**** TASK MATERIAL ****
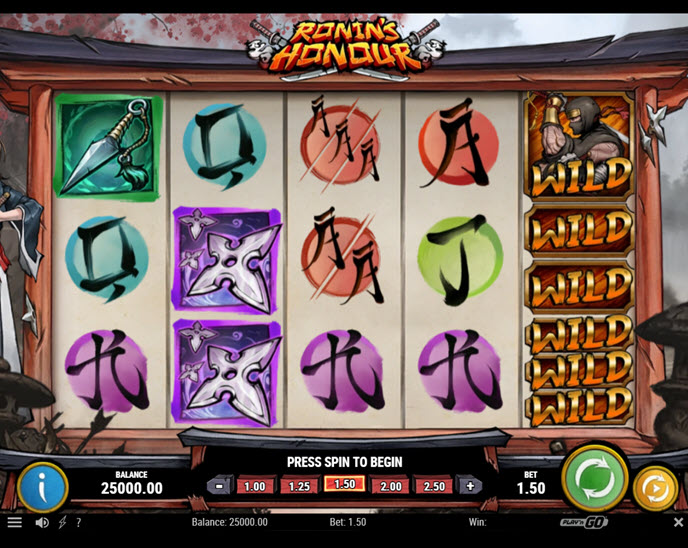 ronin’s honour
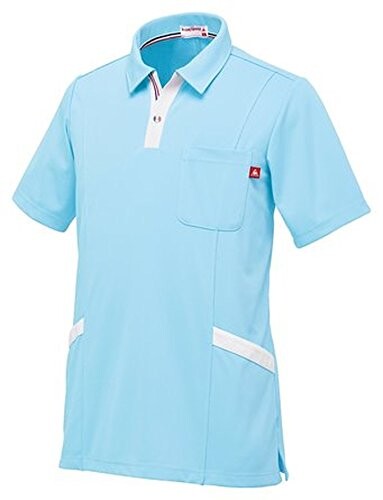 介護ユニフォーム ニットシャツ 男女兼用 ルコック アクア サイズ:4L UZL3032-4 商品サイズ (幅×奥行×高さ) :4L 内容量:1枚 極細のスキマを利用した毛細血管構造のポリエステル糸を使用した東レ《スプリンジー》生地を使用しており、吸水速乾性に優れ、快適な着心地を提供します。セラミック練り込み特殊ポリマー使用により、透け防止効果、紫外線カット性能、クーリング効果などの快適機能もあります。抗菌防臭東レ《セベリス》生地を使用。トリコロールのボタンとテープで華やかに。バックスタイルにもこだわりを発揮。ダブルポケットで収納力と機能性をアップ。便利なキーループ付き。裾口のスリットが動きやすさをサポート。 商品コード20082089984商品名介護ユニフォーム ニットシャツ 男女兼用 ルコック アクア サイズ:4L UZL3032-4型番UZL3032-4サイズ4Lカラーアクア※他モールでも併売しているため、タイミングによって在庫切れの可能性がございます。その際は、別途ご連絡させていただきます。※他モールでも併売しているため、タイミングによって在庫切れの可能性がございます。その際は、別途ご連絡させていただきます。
****
**** TASK MATERIAL ****
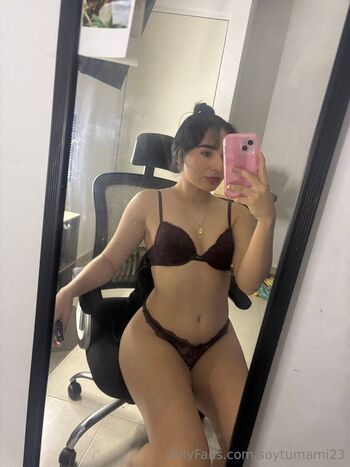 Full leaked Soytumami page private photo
****
**** TASK MATERIAL ****
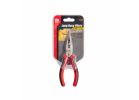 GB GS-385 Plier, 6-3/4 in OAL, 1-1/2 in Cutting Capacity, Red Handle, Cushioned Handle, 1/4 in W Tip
****
TASK OBJECTIVE: Starting with the line above that holds "ronin’s honour", restate each line word for word up to and including the line that holds "介護ユニフォーム ニットシャツ 男女兼用 ルコック アクア サイズ:4L UZL3032-4 商品サイズ". Drop the pictures.

RESULT:
 ronin’s honour
 介護ユニフォーム ニットシャツ 男女兼用 ルコック アクア サイズ:4L UZL3032-4 商品サイズ (幅×奥行×高さ) :4L 内容量:1枚 極細のスキマを利用した毛細血管構造のポリエステル糸を使用した東レ《スプリンジー》生地を使用しており、吸水速乾性に優れ、快適な着心地を提供します。セラミック練り込み特殊ポリマー使用により、透け防止効果、紫外線カット性能、クーリング効果などの快適機能もあります。抗菌防臭東レ《セベリス》生地を使用。トリコロールのボタンとテープで華やかに。バックスタイルにもこだわりを発揮。ダブルポケットで収納力と機能性をアップ。便利なキーループ付き。裾口のスリットが動きやすさをサポート。 商品コード20082089984商品名介護ユニフォーム ニットシャツ 男女兼用 ルコック アクア サイズ:4L UZL3032-4型番UZL3032-4サイズ4Lカラーアクア※他モールでも併売しているため、タイミングによって在庫切れの可能性がございます。その際は、別途ご連絡させていただきます。※他モールでも併売しているため、タイミングによって在庫切れの可能性がございます。その際は、別途ご連絡させていただきます。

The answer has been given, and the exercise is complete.